Baumann nahm direkt zu den Vorwürfen Stellung, dass Bayer die rechtlichen Risiken beim Kauf unterschätzt habe. Er führt zwei Rechtsgutachten an: Sie attestieren der Bayer-Führung, ihre Pflichten gemäß Aktiengesetz nicht verletzt zu haben. Zudem verweist Baumann erneut auf zuletzt mehrfach erneuerten Überprüfungen der Zulassungsbehörden weltweit, die keine Krebsgefahr durch einen Glyphosateinsatz sehen.
Der Kurseinbruch der Bayer-Aktie sei „enttäuschend und schmerzt sehr“, sagte Baumann und machte dafür die beiden erstinstanzlich verlorenen Prozesse verantwortlich. Er unterstrich aber erneut, dass Bayer bei seiner Linie einer entschiedenen Verteidigung bleibe – von möglichen Vergleichen sagte er kein Wort. „Wir sind zuversichtlich, damit auf mittlere Sicht auch die Unsicherheit im Hinblick auf den Ausgang dieses Handlungskomplexes zu reduzieren“, sagte Baumann.
Er wies den Vorwurf zurück, Bayer konzentriere sich bei Monsanto und in den Verfahren zu sehr auf die Fakten und berücksichtige zu wenig die Emotionen. „Maßgeblich für die Bewertung von Produkten - und damit für die Gesundheit von Menschen – müssen weiterhin die unabhängigen Behörden sein. Sie entscheiden auf Basis von wissenschaftlichen Analysen – und nicht auf Basis von Emotionen.“ Baumann sieht das Vertrauen in die Wissenschaft mittlerweile beschädigt, dies sei eine „gefährliche Entwicklung“.
Für diese Worte am Ende seiner Rede erntet der Bayer-Chef langanhaltenden Applaus der Aktionäre.
Doch der Beifall während der anschließenden Attacke der Aktionäre auf die Bayer-Führung war phasenweise deutlich stärker.

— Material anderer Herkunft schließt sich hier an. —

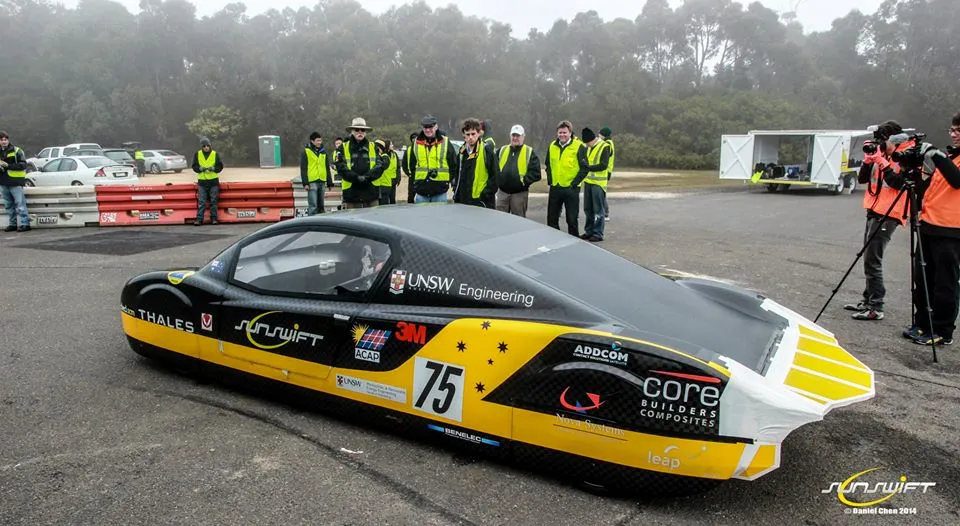 Members of the Sunswift team and the eVe after it's record-breaking run (Photo: Sunswift / Daniel Chen)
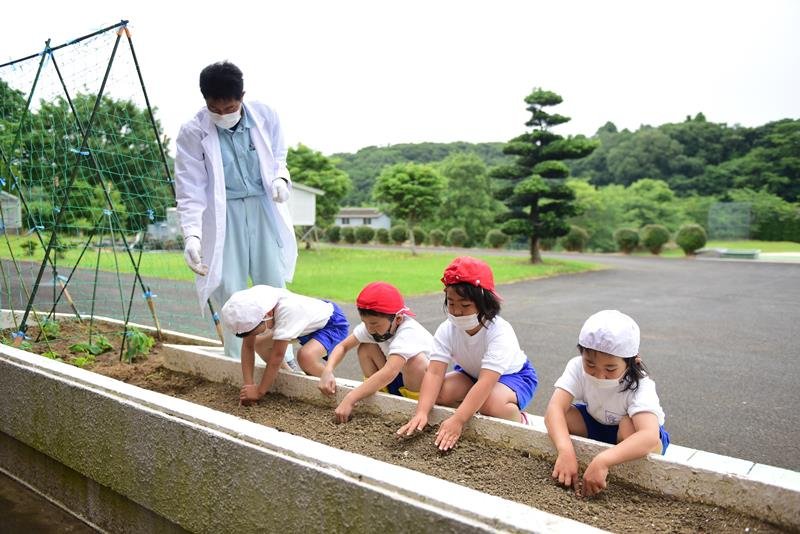 石橋さんの話を聞いて落花生を植える児童＝神崎町立米沢小
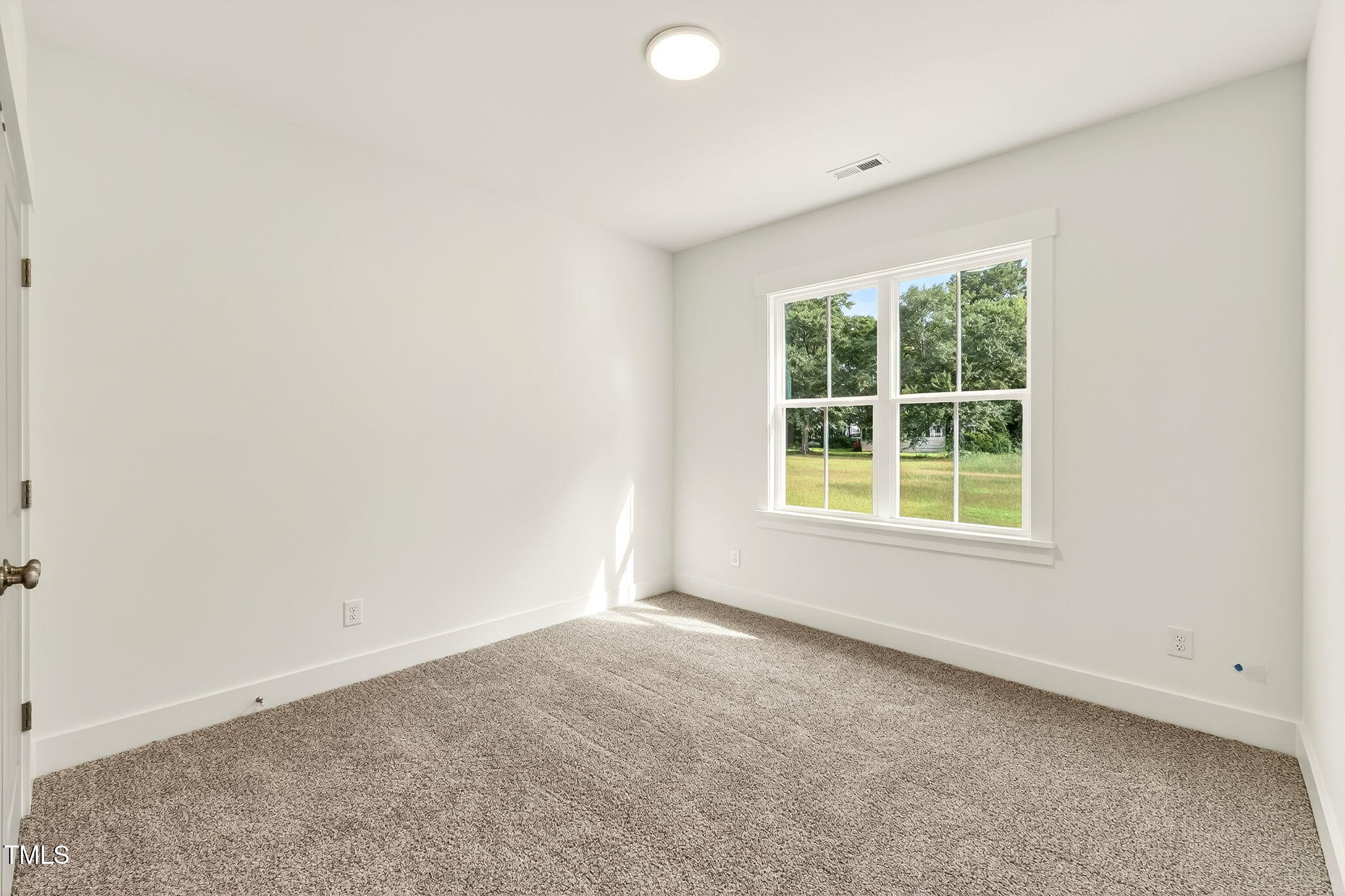 213 Maye Street Dunn, NC 28334 - Photo 34 of 45 an empty room with a window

Etwa bei der Rede von Deka-Vertreter Speich: „Die Akquisition von Monsanto war bislang einzig und allein wertvernichtend. Das Vertrauen des Kapitalmarkts wurde massiv beschädigt“, sagte er.
Die Unzufriedenheit der Aktionäre mit der Bayer-Führung ist im Saal deutlich spürbar. „Was erwarten sie denn heute? Dass wir Hurra schreien und ihnen Absolution erteilen?“, sagte DSW-Chef Tüngler. Dem Vorschlag der DSW, die Entlastung zu verschieben, wollte Bayers Aufsichtsratschef Wenning nicht folgen.
Immerhin kommt Bayer um eine Sonderprüfung herum. Der Corporate-Governance-Experte Christian Strenger hatte einen solchen Antrag eingebracht. Danach sollte bei Bayer eine unabhängige Prüfung darüber eingeleitet werden, wie der Vorstand und der Aufsichtsrat bei der Risiko-Prüfung der Monsanto-Übernahme vorgegangen ist. Diesen Antrag wiesen die Bayer-Aktionäre aber zurück.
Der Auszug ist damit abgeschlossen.